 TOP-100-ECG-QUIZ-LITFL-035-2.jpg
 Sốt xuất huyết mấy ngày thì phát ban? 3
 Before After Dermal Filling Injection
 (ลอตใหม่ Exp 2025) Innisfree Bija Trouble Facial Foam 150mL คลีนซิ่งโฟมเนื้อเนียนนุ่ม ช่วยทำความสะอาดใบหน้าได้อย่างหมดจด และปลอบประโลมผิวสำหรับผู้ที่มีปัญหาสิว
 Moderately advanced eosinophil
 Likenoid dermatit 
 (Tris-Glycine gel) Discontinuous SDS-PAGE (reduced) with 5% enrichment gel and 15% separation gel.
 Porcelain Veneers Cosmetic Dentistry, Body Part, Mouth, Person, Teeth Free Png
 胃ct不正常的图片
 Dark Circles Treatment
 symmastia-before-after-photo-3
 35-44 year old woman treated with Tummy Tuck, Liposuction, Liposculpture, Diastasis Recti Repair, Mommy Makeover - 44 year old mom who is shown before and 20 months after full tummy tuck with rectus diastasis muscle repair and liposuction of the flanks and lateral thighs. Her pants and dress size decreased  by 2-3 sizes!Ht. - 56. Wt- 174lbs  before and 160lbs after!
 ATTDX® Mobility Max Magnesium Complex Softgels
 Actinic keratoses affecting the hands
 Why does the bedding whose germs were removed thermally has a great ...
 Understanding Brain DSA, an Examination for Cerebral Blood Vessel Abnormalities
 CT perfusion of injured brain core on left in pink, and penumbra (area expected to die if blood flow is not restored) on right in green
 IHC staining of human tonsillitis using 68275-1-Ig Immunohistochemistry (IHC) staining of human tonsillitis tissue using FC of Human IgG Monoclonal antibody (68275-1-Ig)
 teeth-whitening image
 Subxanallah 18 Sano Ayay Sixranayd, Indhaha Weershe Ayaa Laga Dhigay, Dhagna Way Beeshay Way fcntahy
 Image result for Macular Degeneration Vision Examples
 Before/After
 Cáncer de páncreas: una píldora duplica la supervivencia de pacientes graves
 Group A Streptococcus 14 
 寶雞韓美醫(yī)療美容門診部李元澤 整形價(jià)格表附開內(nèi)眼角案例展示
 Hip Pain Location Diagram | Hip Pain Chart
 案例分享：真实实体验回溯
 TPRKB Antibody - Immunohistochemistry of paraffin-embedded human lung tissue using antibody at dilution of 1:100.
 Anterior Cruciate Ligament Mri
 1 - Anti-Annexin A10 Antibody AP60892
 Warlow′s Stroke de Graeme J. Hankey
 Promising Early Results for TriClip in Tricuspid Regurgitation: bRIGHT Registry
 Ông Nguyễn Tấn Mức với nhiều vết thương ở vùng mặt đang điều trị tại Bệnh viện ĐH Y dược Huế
:::
**What is required**
With the line containing "Before/After" as the start and the last line of the entries as the end, print that whole span exactly.

**Solution to this exercise**
 Before/After
 Cáncer de páncreas: una píldora duplica la supervivencia de pacientes graves
 Group A Streptococcus 14 
 寶雞韓美醫(yī)療美容門診部李元澤 整形價(jià)格表附開內(nèi)眼角案例展示
 Hip Pain Location Diagram | Hip Pain Chart
 案例分享：真实实体验回溯
 TPRKB Antibody - Immunohistochemistry of paraffin-embedded human lung tissue using antibody at dilution of 1:100.
 Anterior Cruciate Ligament Mri
 1 - Anti-Annexin A10 Antibody AP60892
 Warlow′s Stroke de Graeme J. Hankey
 Promising Early Results for TriClip in Tricuspid Regurgitation: bRIGHT Registry
 Ông Nguyễn Tấn Mức với nhiều vết thương ở vùng mặt đang điều trị tại Bệnh viện ĐH Y dược Huế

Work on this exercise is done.